Exercise details
Locate the line containing "BDZ WLABm 51" in the material below. Copy that line and all following lines through the end exactly, omitting any pictures.

- - - - -

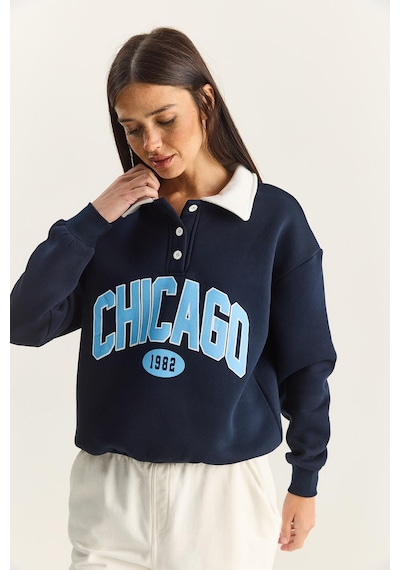 Shade Kadın Polo Yaka Chicago Baskılı Üç İplik Şardonlu Sweatshirt 60601050 - Lacivert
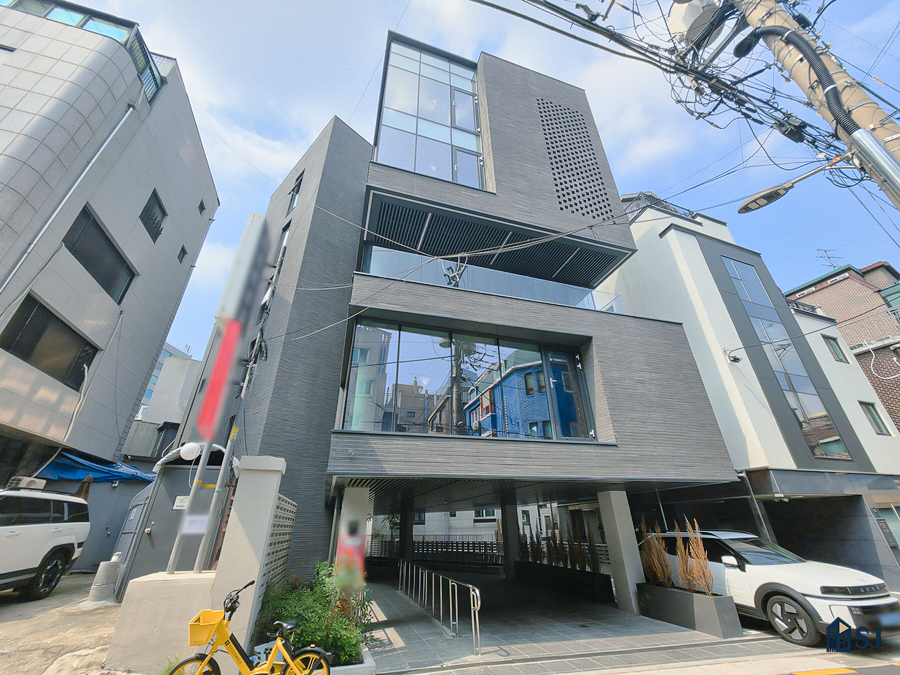 세련된 차콜 그레이톤의 건물 외관
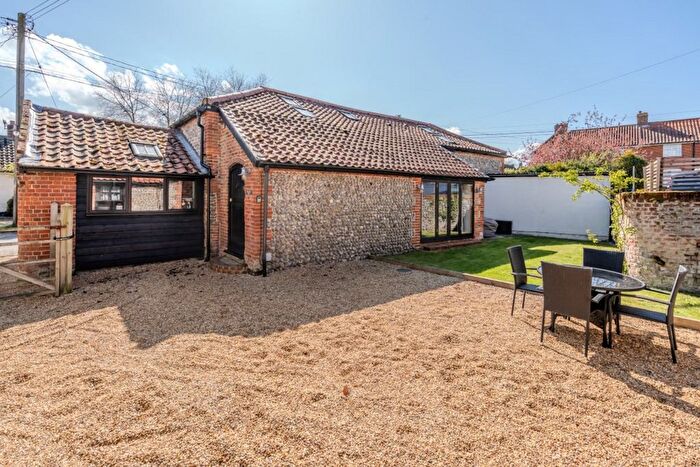 4 Bedroom Barn Conversion For Sale In The Street, Norwich, NR11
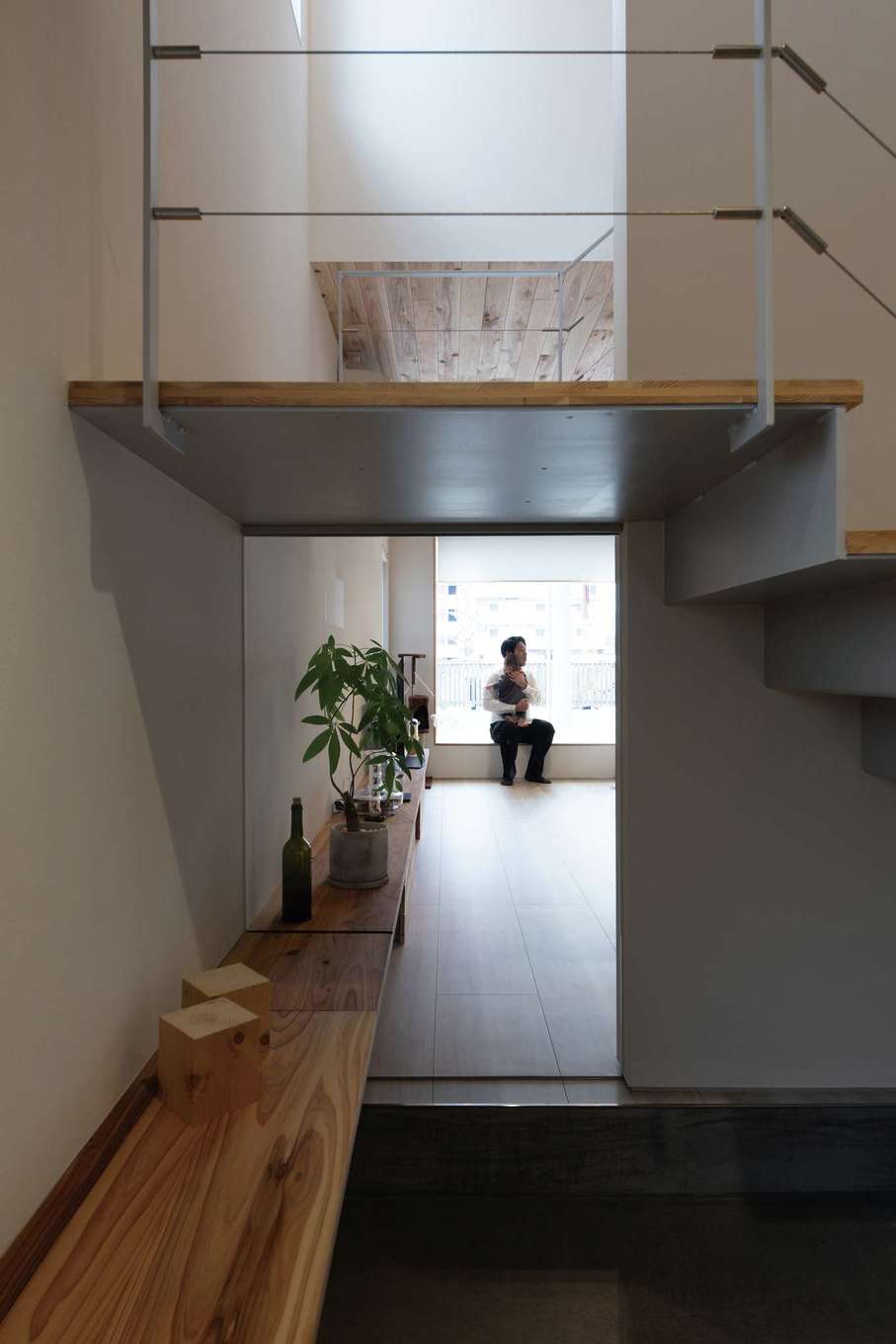 建杜 KENT（大栄工業）【デザイン住宅、収納力、間取り】庭に面した窓辺には、無垢材のベンチを造作。座面の下は収納スペース。サイドに設けた棚には互い違いに穴をあけ、愛猫が遊べるキャットタワーに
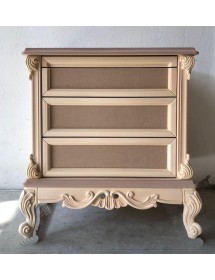 MOBILI 2G - Comodino 3 cassetti 1 tiretto classico barocco Legno grezzo 68x55x70 vista frontale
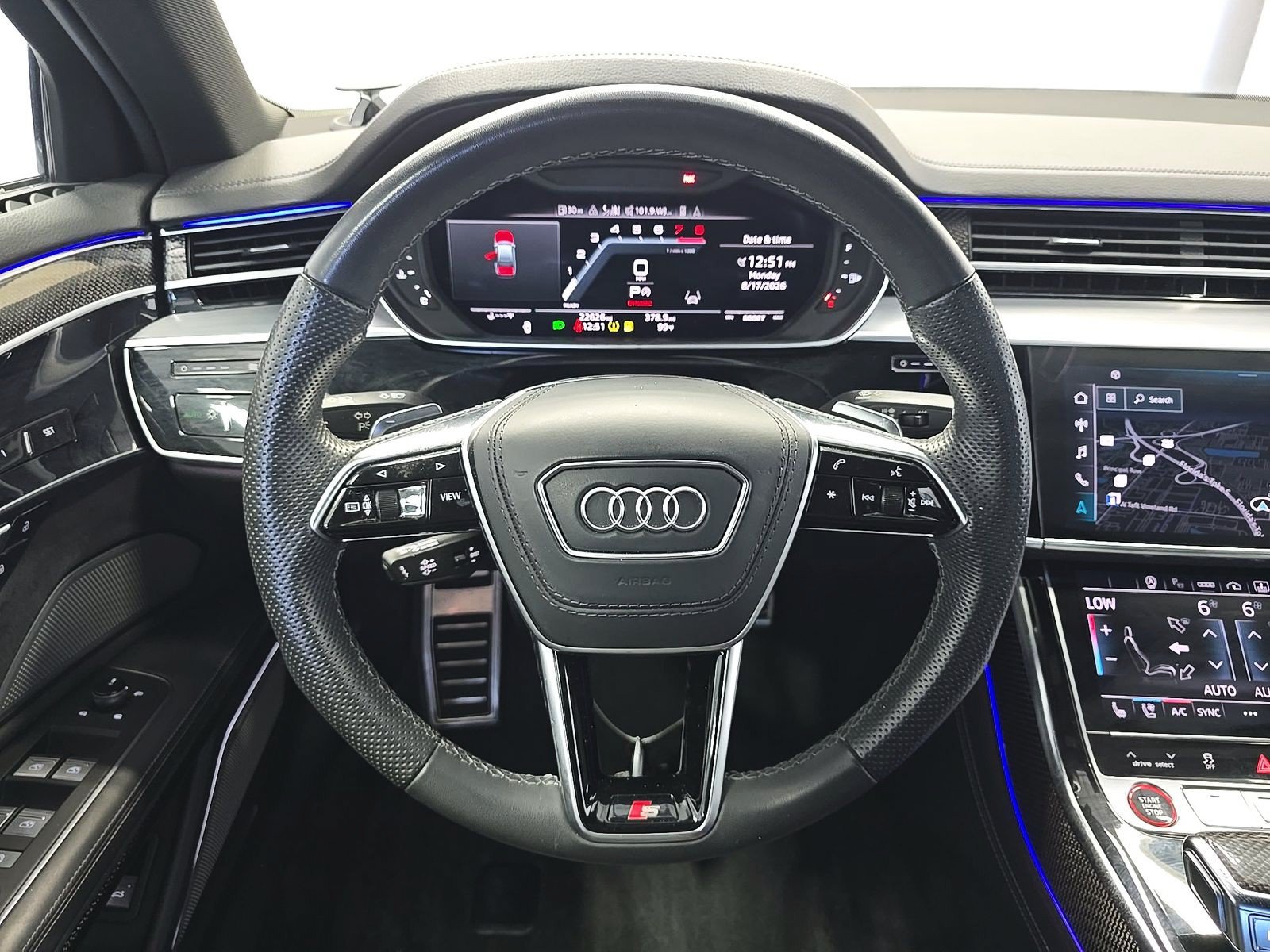 Used 2023 Audi S8 AWD/4WD image 10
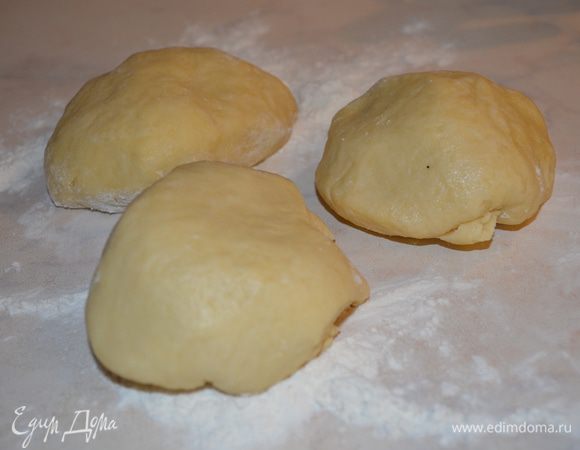 достаем тесто и режем на 3 куска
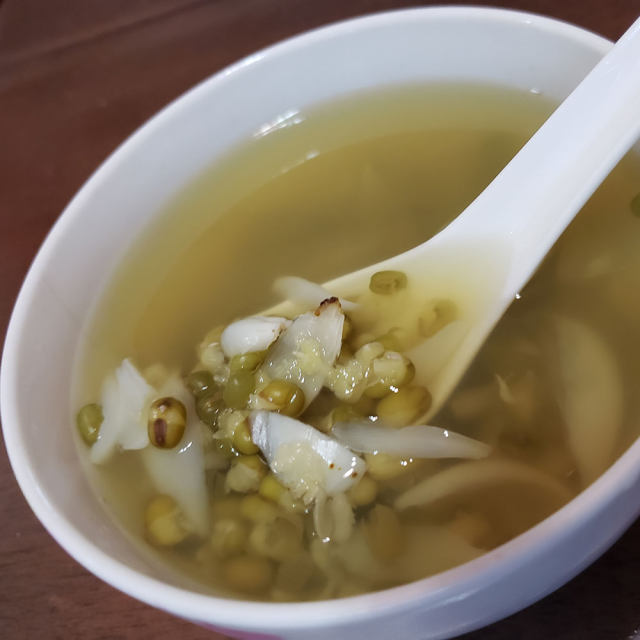 绿豆百合粥,清凉润肺,止渴消暑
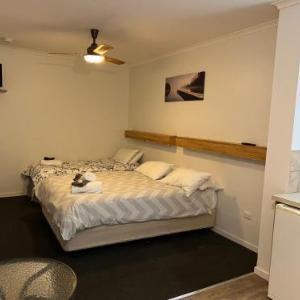 Hotels near J.C. Lowe Oval - Tocumwal hotel motel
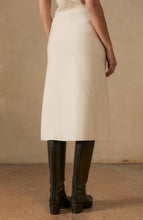 Load image into Gallery viewer, FRAUENSCHUH Zita Wool Skirt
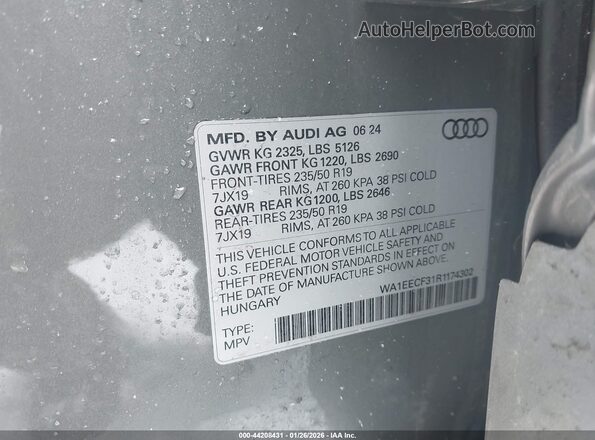 WA1EECF31R1174302 2024 AUDI Q3 Gray Widok komory silnika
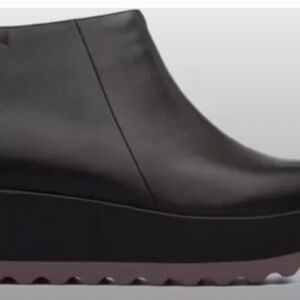 Camper Laika Black ankle boots 40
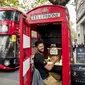 Red Box di Inggris yang diubah jadi Lovefone oleh Fouad Choaibi. (AFP)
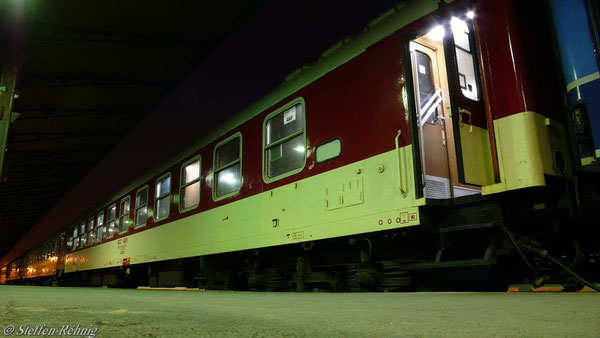 BDZ WLABm 51 52 70 30 507-8 im "HELLAS EXPRESS" in Beograd (1. April 2007)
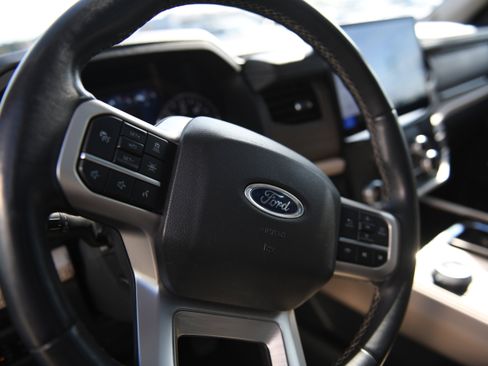 Used 2024 Ford Expedition Limited image 21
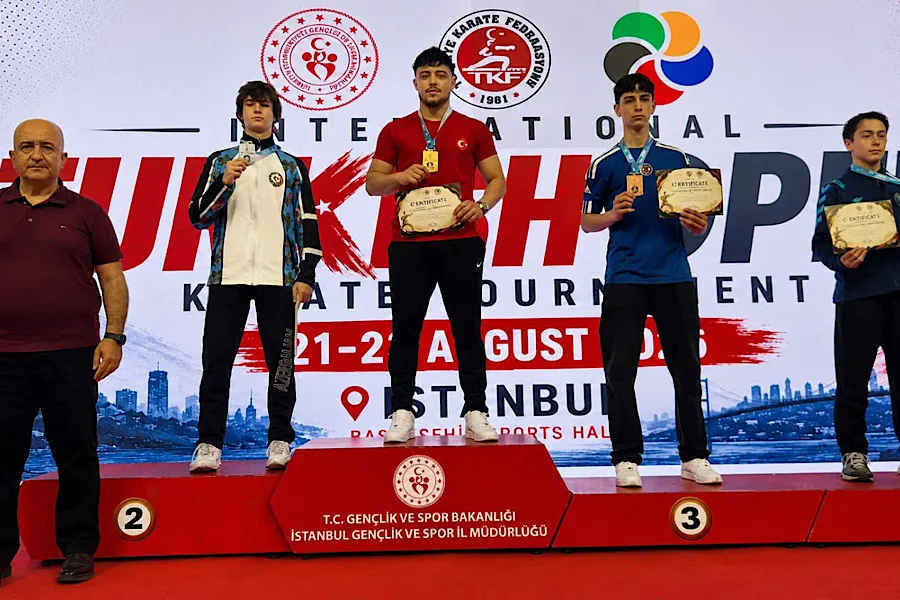 Azərbaycan karateçiləri gümüş medal qazandılar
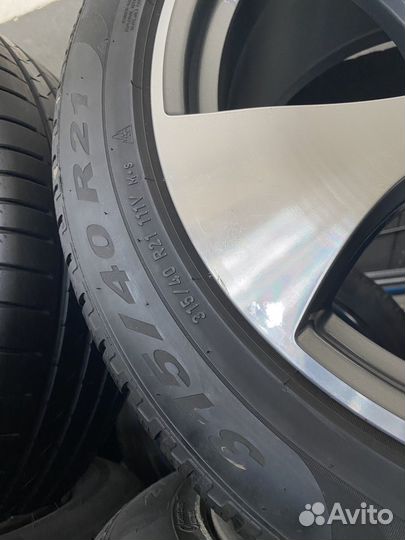 Pirelli Scorpion Winter 275/45 R21 и 315/40 R21 111V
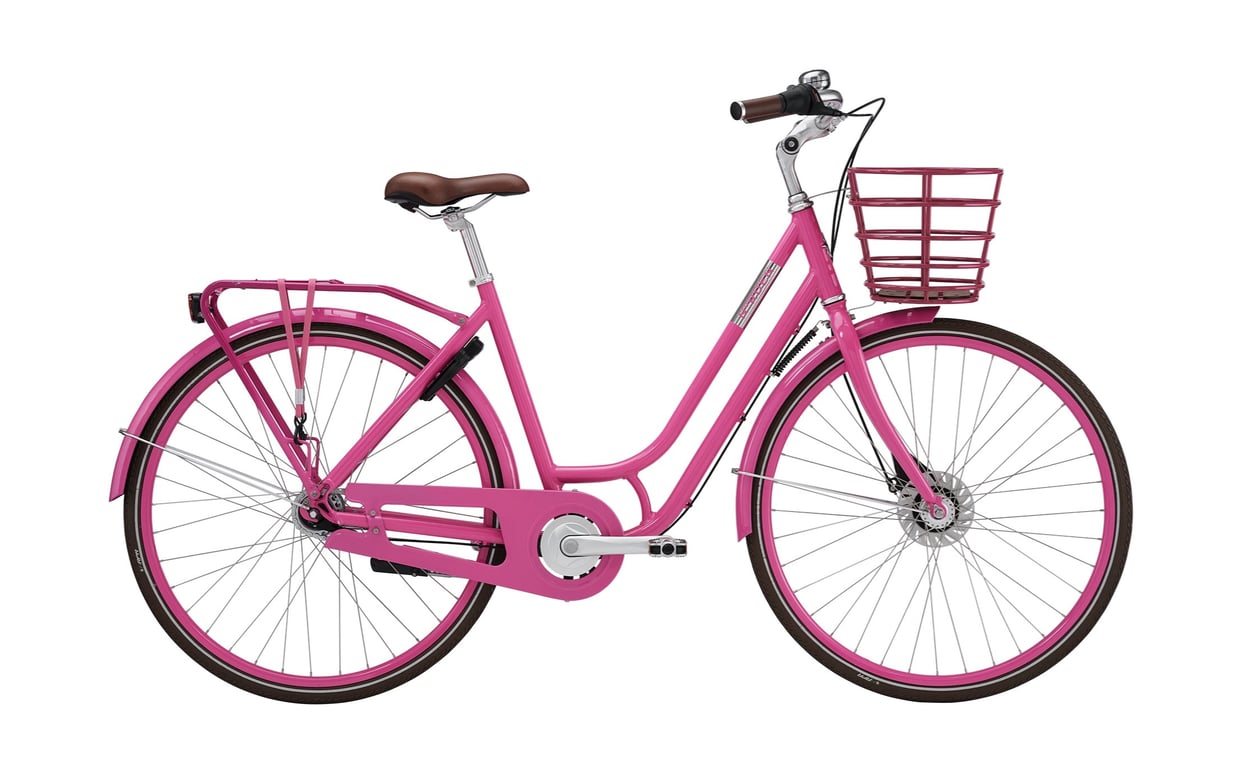 Pink bycykel med lav indstigning, brun sadel og forreste kurv, fotograferet mod hvid baggrund.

- - - - -

Completed exercise
 BDZ WLABm 51 52 70 30 507-8 im "HELLAS EXPRESS" in Beograd (1. April 2007)
 Used 2024 Ford Expedition Limited image 21
 Azərbaycan karateçiləri gümüş medal qazandılar
 Pirelli Scorpion Winter 275/45 R21 и 315/40 R21 111V
 Pink bycykel med lav indstigning, brun sadel og forreste kurv, fotograferet mod hvid baggrund.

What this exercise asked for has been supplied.